- _INSTRUCTIONS TO FOLLOW_: For the entries below, copy exactly the line that contains "Rails Leah Satin" through the line that contains "Green White Striped", both ends included, and exclude all pictures.

- _RECORDS FOR THIS TASK_:

== Segment start ==

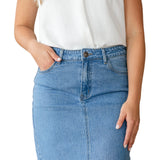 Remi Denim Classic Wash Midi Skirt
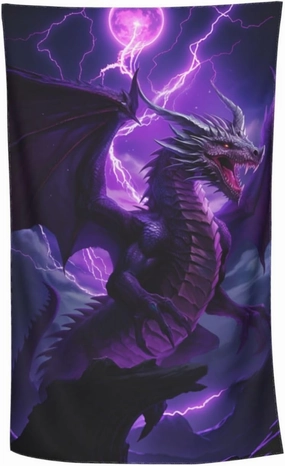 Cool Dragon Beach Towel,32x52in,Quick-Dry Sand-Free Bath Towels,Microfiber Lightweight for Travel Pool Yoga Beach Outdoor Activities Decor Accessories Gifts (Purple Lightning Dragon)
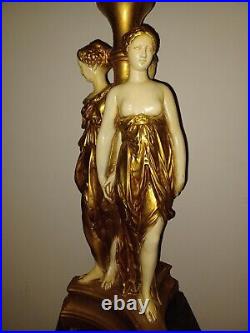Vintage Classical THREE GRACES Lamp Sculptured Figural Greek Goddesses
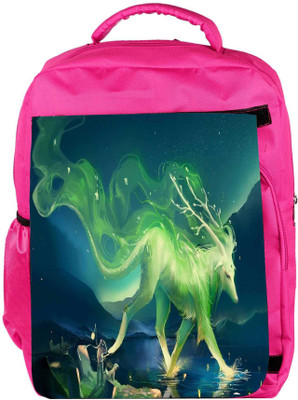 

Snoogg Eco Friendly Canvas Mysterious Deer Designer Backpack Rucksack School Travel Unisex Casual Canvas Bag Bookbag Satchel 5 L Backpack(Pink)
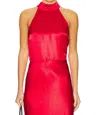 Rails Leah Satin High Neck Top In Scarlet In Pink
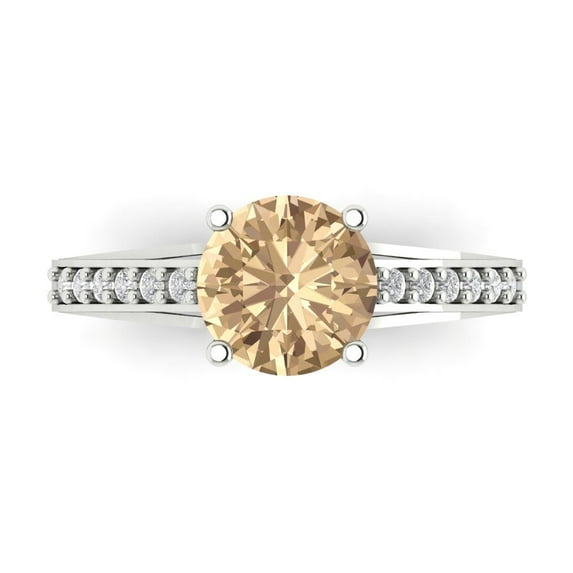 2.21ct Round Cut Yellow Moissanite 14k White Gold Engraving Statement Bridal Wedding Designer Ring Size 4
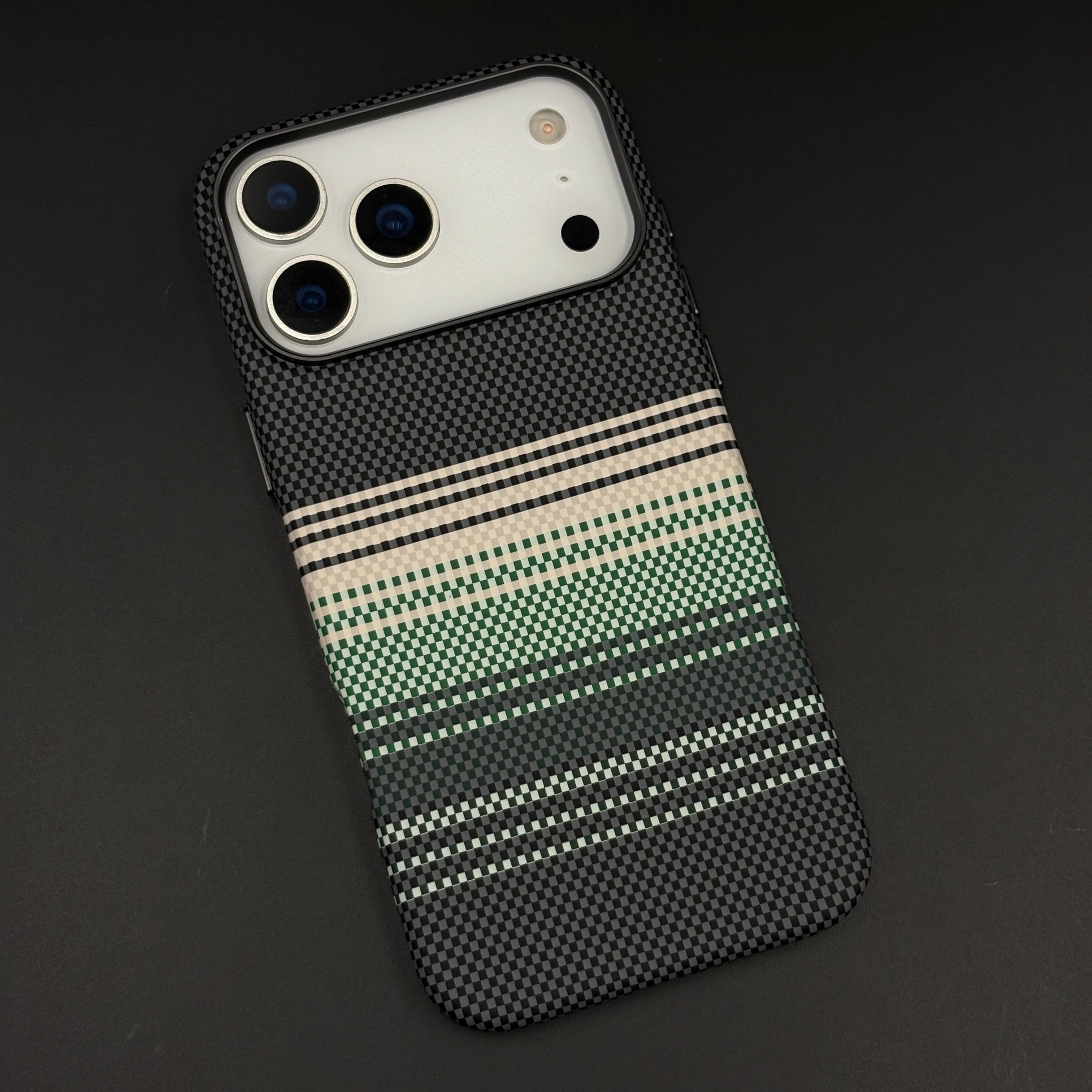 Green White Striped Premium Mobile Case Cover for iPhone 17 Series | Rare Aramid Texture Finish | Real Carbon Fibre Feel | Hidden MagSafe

== Segment end ==
== Segment start ==

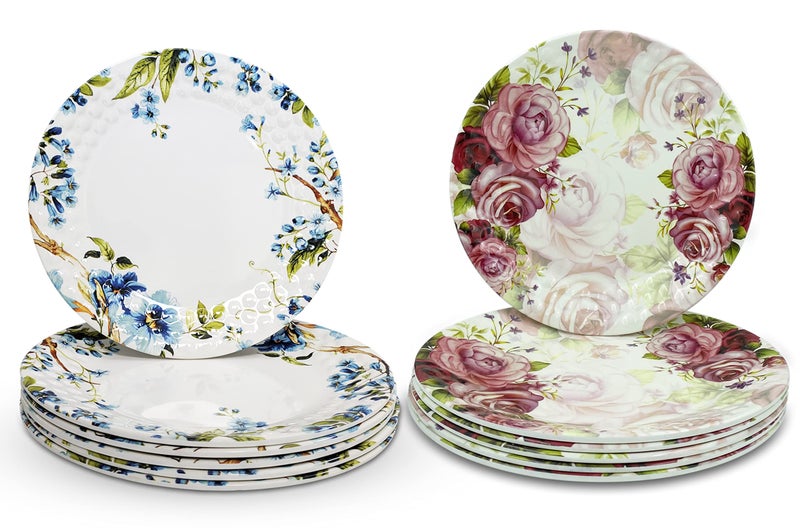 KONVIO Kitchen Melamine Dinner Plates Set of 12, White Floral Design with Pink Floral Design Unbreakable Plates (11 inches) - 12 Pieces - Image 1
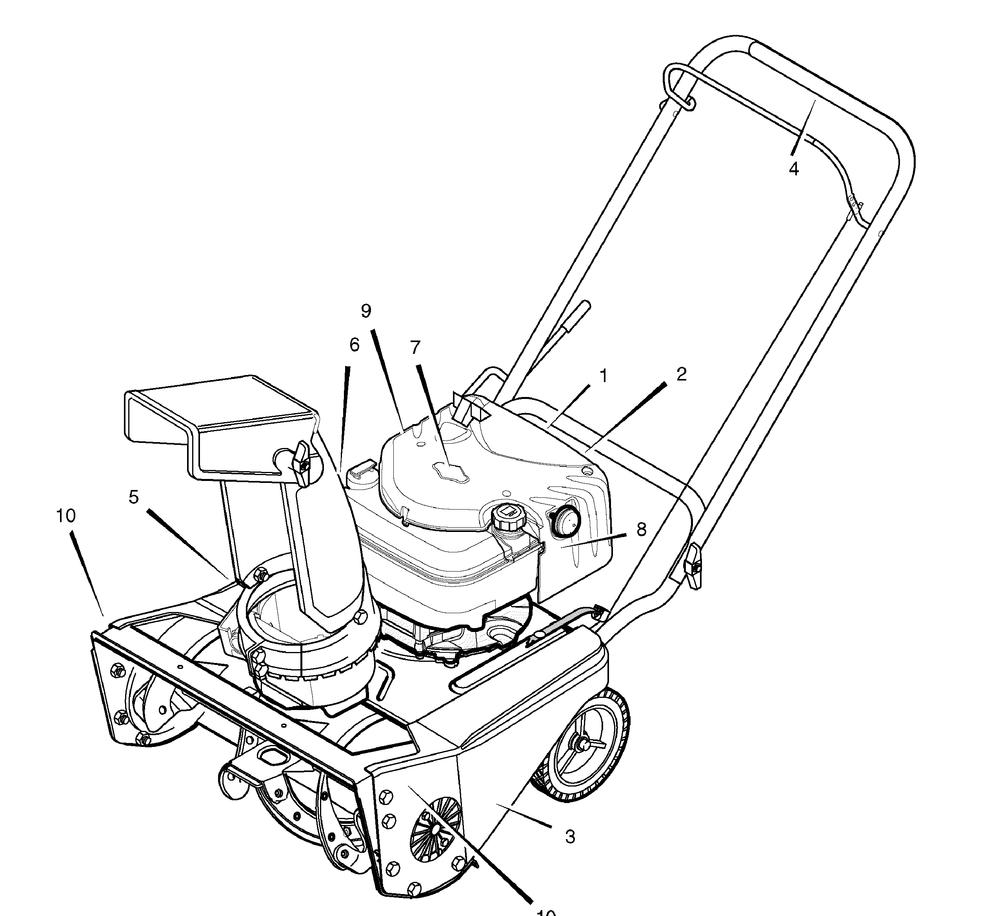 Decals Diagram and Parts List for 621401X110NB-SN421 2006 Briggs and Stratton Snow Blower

== Segment end ==

- _EXERCISE ANSWER_:
 Rails Leah Satin High Neck Top In Scarlet In Pink
 2.21ct Round Cut Yellow Moissanite 14k White Gold Engraving Statement Bridal Wedding Designer Ring Size 4
 Green White Striped Premium Mobile Case Cover for iPhone 17 Series | Rare Aramid Texture Finish | Real Carbon Fibre Feel | Hidden MagSafe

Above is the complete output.